12 Mart 2016 Cumartesi

Genç Bilimadamına Mektuplar




İlk üniversiteyi kazandığımda yanımda bir tane kitap götürmüştüm. Tübitak yayınlarından çıkan genç bilim adamına öğütler adında bir kitaptı. O zamandan bu yana hep bilim insanı olmak istedim ama benim gibi bir insanın Türkiye şartlarında buraya ulaşması kolay olmuyor.

Bilim aslında dünya çapında çok önemli bir şey. Ülkemizde önem verilmese de herkesin bildiği gibi teknolojiden, tarihe, insanoğlunun tarihinden, güneş sistemine oradan evrene uzanan çok geniş bir alanı kapsar. Bunların hepsinin keşfedilmesi, bunlar hakkında yeni bilgilerin ortaya çıkması, yeni teknolojilerin üretilmesi hepsi bilim sayesinde olur. Bir toplumun bilimsel düşünebilme yetisi onları çok ileri götürür. Ne yazık ki ülkemizde eğitimli insanlardan tutunda, akademilere kadar bilimsel düşünme yeteneği genel olarak yok. Bu düşünme yeteneğinin olmaması büyük sorunlara neden oluyor. Bir konuyu ele alırken düşüce işleyişimiz düzgün ve sistemi olmuyor. Gerçeklere inanılacak yerde sözlere ve hurafelere inanmak artıyor. Yurtdışında insanlar bilim yapmak için akademiye girerken bizde daha çok kolay para kazanmak için girmeye çalışıyorlar. Bu konuda ülkemizde dert çok ve giderek geriye doğru yol alıyoruz.

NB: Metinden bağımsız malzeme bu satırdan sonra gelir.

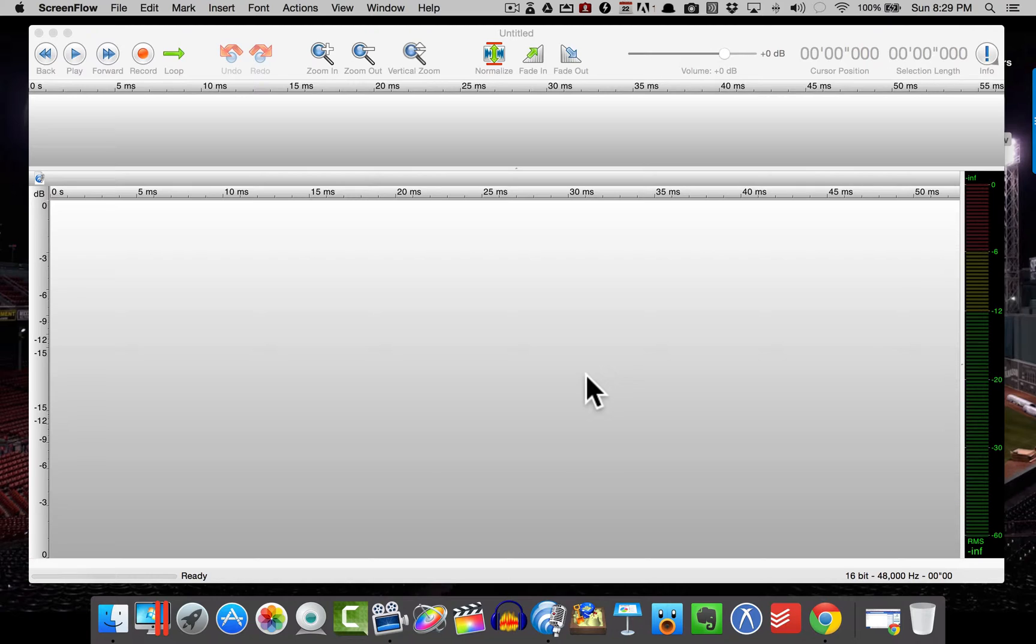Hey everybody, how are you? Kevin here, and today I want to show you how to normalize your audio inside of Twisted Wave, but we're also going to use Audacity a little bit too.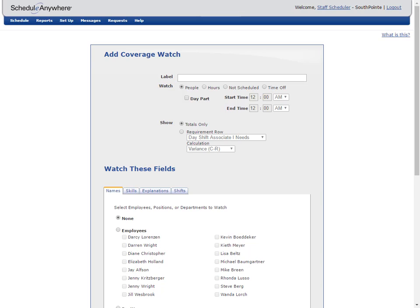By default, coverage watches track information for a given day, but they can be set to track information by day part.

Kitaba gelirsek; yazarın Biyoloji Profesörü olmasından dolayı tecrübelerini bu yönde bize aktarıyor. Kendi alanının karıncalar olması ayrıca karıncalar hakkında bir çok bilgi öğreniyorsunuz. Bilim dünyasında yol alırken nelerle karşılaşılacağını anlatarak bize bir yol harita çizmeye çalışmış. Kendi yaşadığı ülkeye göre bazı şeyleri değerlendirse de genel olarak dünyanın her yerinde bilim insanı olma yolunda karşılaşılacak şeyler. Türkiye deki şartları da ben içinde bulunduğum durumdan tecrübe edindiğim fikirlerimi söyleyeceğim. 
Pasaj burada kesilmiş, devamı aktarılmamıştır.